Principles are Simple and Ancient, Execution is Difficult

This brings us to the real job of the founder. Entrepreneurship here is less about having a "vision" and more about designing and owning feedback loops. It's the agency to decide when to expand or contract the system boundary. Sometimes "build tech" is the right call. But the decision to make repeatedly is when to pull back and let the needs of the first-order "Market Loop" lead.

This is a delicate balancing act. The day-to-day operational reality is an iterative, often mundane process of getting the first-order business right. It's about cash flow, customer retention, and solving one real problem so well that someone pays for it. But to attract capital and talent, you must also be able to tell the nth-order story, the epic narrative of how your verifiable receipts and network effects could change an entire industry. That's "narrative financing," and it's essential for selling the vision.

The entrepreneur's real edge is living in both timelines at once, using the proof from the mundane first-order reality to make the epic nth-order story credible. It's bet-sizing: knowing which small, iterative experiments will resolve the most uncertainty for the least effort, and being okay with leaving the rest to entropy until the time is right.

The signals that you're escaping the trap are tangible, because the loops start to couple tightly. Market feedback shapes the roadmap in weeks, not quarters. "Shipping" becomes less about pushing raw features and more about releasing artifacts that generate real, external proof. A stable core emerges, one that attracts the complements it needs without the team having to brute force everything. The narrative shifts from "what does it do?" to "what does it let us accomplish?" That's when adoption starts to compound.

These positive signals stand in stark contrast to the familiar warning signs of the trap. Most are old news, just dressed in new clothes: premature generality and protocol romanticism, driven by an obsession with the "Build Loop". You see infinite proof-of-concept limbo, where the "Market Loop" never gets a chance to close. Activity becomes a stand-in for evidence. Energy is spent making things more elegant rather than more useful. The business system drifts while the technical system gets ever more intricate.

Sun Tzu's The Art of War fits on a few dozen pages. Its principles are famously simple: know your enemy, know yourself; avoid what is strong, attack what is weak. Yet for 2,500 years, generals with this knowledge have still lost battles.

The gap between knowing the principle and executing it under fire is where everything lives. It's where companies, armies, and careers are made or broken.

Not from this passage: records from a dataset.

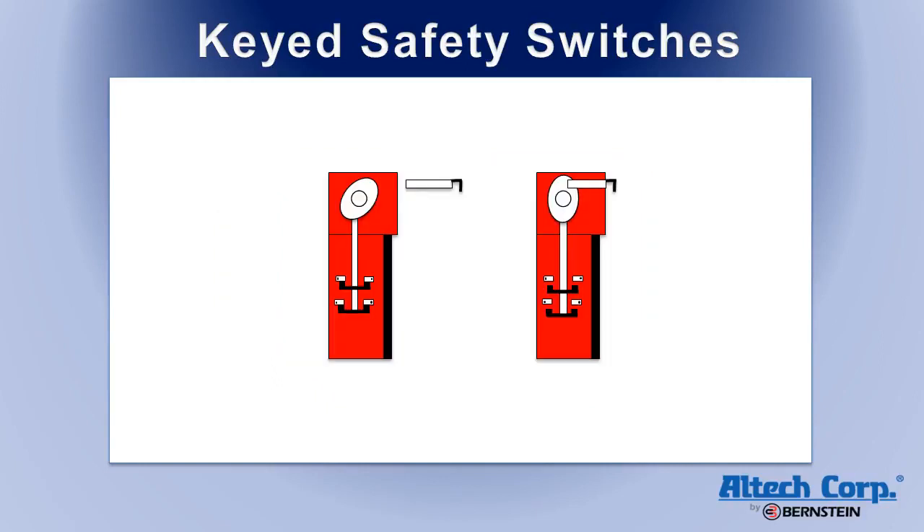These switches utilize an eccentric cam activating system, which is designed to force the contacts open even when they are welded shut. The system is also tamper-resistant and requires a multi-step process and two tools to override.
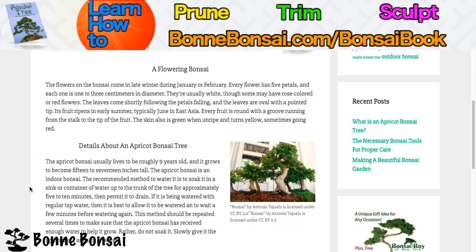Some details about the apricot bonsai tree: it usually lives to be roughly nine years old and grows to become 15 to 17 inches tall. The apricot bonsai is an indoor bonsai.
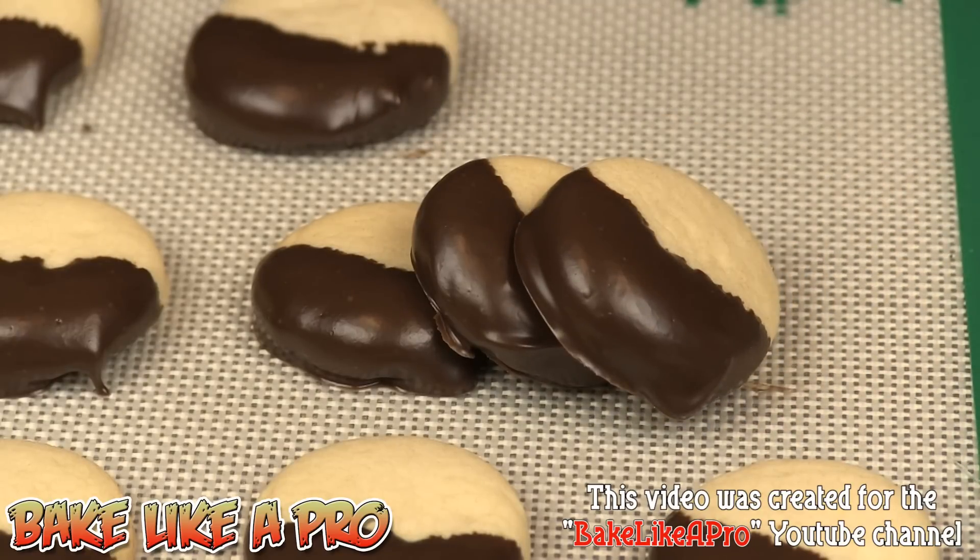A nice size — one or two bites maximum. Great for parties, great for times when you don't want to eat a big cookie. So that's it for this really fast video. I hope you enjoyed it. If you did, please give me a thumbs up, subscribe if you wish — I really do appreciate that. I'll see you next time.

The real work of execution happens in the messy middle, in the constant, difficult arguments over questions that have no easy answers:

  • How much uncertainty should we carry at once?
  • When is it worth accepting dependency on an existing framework, even if it cramps our technical ambitions? (Our experience is that external dependencies sometimes don't do what they say in the README and can cause expensive refactors later when integration is not an easily reversible decision, so rather than trusting the label, use AI to do a deep due diligence...)
  • What's "enough" surface area for our platform to be viable right now, and when do we stop adding more?

This framework, then, isn't a map with a destination marked "X". It's a compass and a shared language. It's a tool to help you have the right arguments and make conscious trade-offs in real-time, rather than defaulting to what's comfortable. It externalizes the psychological battle, turning a personal feeling of being trapped into a systems-level problem that the team can diagnose and solve together.

If there's a discipline to any of this, it's in using that compass relentlessly. It's in drawing and redrawing the system boundary, managing feedback loops, and owning the complexity you choose to take on. The business is the system, and the code is just a means, not an end. Build the business system first; let the code follow where it's needed.